In a similar way, I am reminded of the process of awareness that we all go through as we age. The world begins to lose some of its luster and its magic as we begin to confront a world filled with evil, pain, and suffering. There is no escaping this awareness, but there is a choice in how we react to this awareness. Will we become angry and bitter as we curse the world and it’s meaningless? Will we decide that since life is so short and filled with suffering that we should only be concerned with ourselves as individuals and screw everyone else? Or will we decide to view life as an adventure-a scary, at times painful, adventure but one where we can learn to love others and perhaps helped elevate some of that suffering. Some people try to ignore the reality of the world-but pain and suffering manages to sneak up on everyone. The question is what do we do once we figure out that living consists of joy, but also sorrow? Will we react like Gwen: with trepidation, fear, and yet a sense of excitement or like Suzie? Bitter and angry, and willing to treat the lives of other people as meaningless?
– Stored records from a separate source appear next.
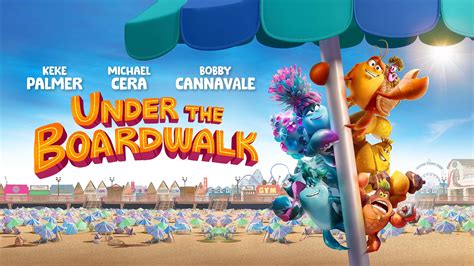 under the boardwalk 720p web h264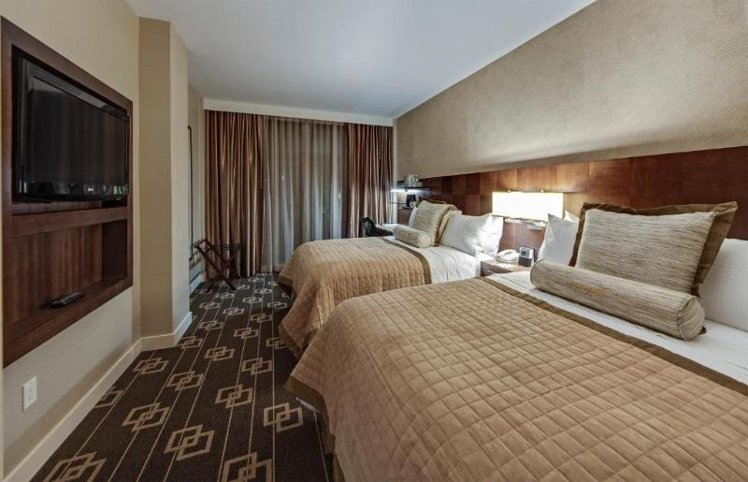 TWIN DELUXE Room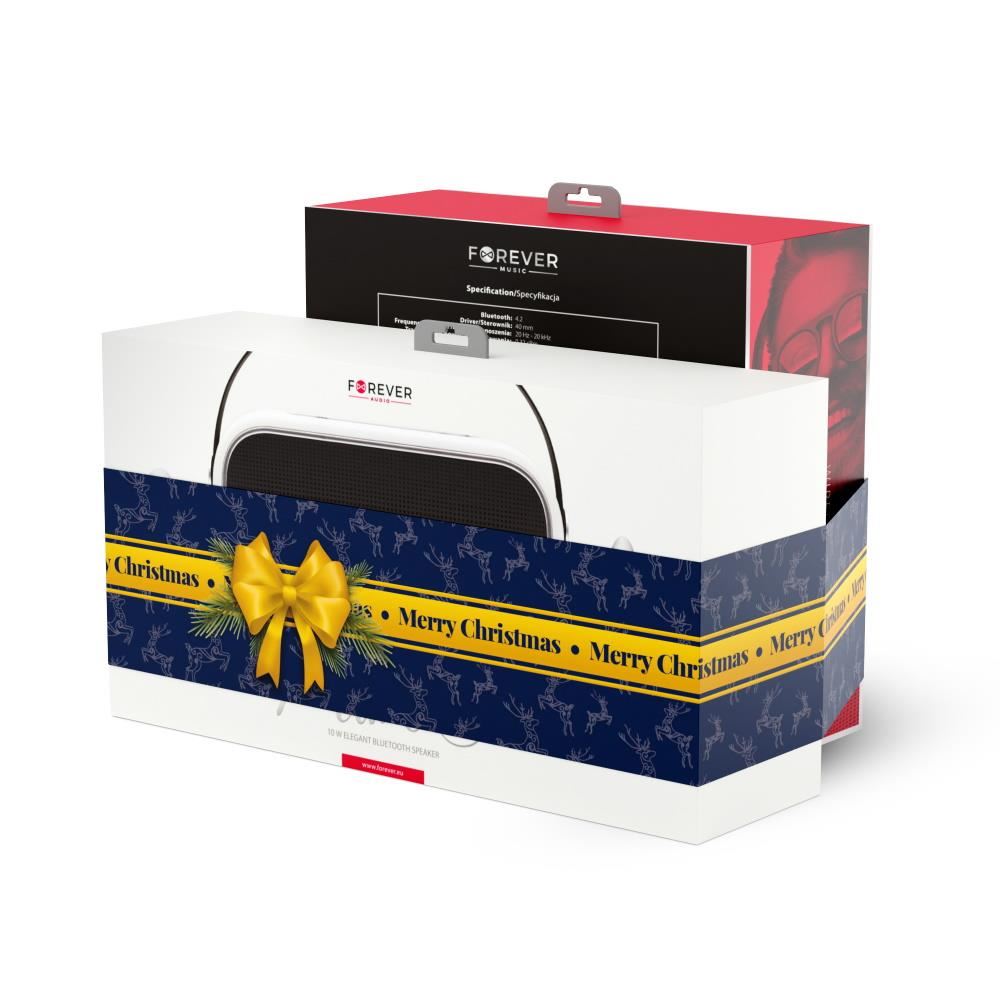 Pachet Cadou Boxa Wireless Forever BS-660 + Casca Forever BHS-300 ...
2 thoughts on “Everything Changes

  1. Just been reading about so many Doctor Who actors, companions and guest stars who are busy on Comic Relief this year. Facing the worst life throws at people and doing something about it. Whereas Doctor Who always seemed positive in the face of reality, Torchwood always seems depairing, negative, urban adolescent atheist.
    When things are tough you don’t declare them meaningless, empty and irredeemable. You do the Angel thing; the Christlike thing:
    ‘Nothing in this world is as it should be; It’s harsh, and cruel. But that’s why there’s us. Champions. It doesn’t matter where we come from, what we’ve done or suffered, or even if we make a difference. We live as though the world was what it should be, to show it what it can be.’
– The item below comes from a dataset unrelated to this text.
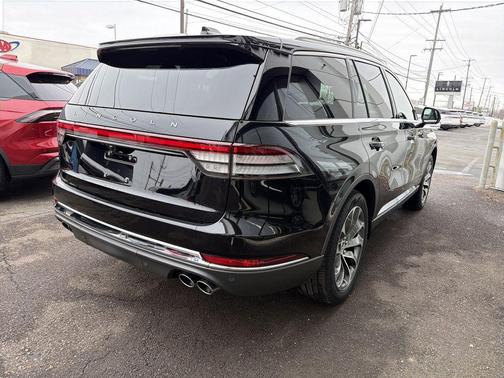 2026 Lincoln Aviator Reserve AWD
    Maybe I’m being unfair to Torchwood, but it never felt like a force for good the way Doctor Who does. That doesn’t stop God infiltrating it, but S/he has a harder job using it to inspire people, giving them something to believe in and rally round to change the world.

    • While there are certainly hopeless moments in Torchwood, I actually appreciate that and I appreciate how despairing it is. But even in the midst of the despair the characters continue moving forward. They continue living. They continue fighting evil alien worlds. And even though there is often speech verging on hopelessness-as if things can never change-they still continue going forward with their lives. I feel as if Torchwood is in many ways like the despairing psalms, or like parts of Lamentations and Ecclesiastes. I feel as if Torchwood is much truer to the human experience. There is a sense of hopelessness, but also a sense of hope. The people in torchwood don’t just sit around in despair-they act. They continue living. they struggle mightily with that seems to be a hopeless world-they struggle with what they are doing. I feel like the difference between Doctor who and torchwood is that torchwood is ok with showing the horribleness in life without feeling the need to always lighten the mood with a joke. Sometimes things aren’t ok. Sometimes things suck. Sometimes life does feel meaningless. But what are you going to do about it? There are a few episodes where death is touched on and the beauty of life is explored-it’s in the midst of also exploring the shittiness of life, of course. I think it being a force of good depends on the individual. For the most part, things turn out ok in doctor who. yes there is pain and death, but even in the midst of that there is still a light hardness. Which is fine. In torchwood, much like life, it is much harder to find the hope. You have to a sense work for it and dig deep. Pain and suffering is much more in your face.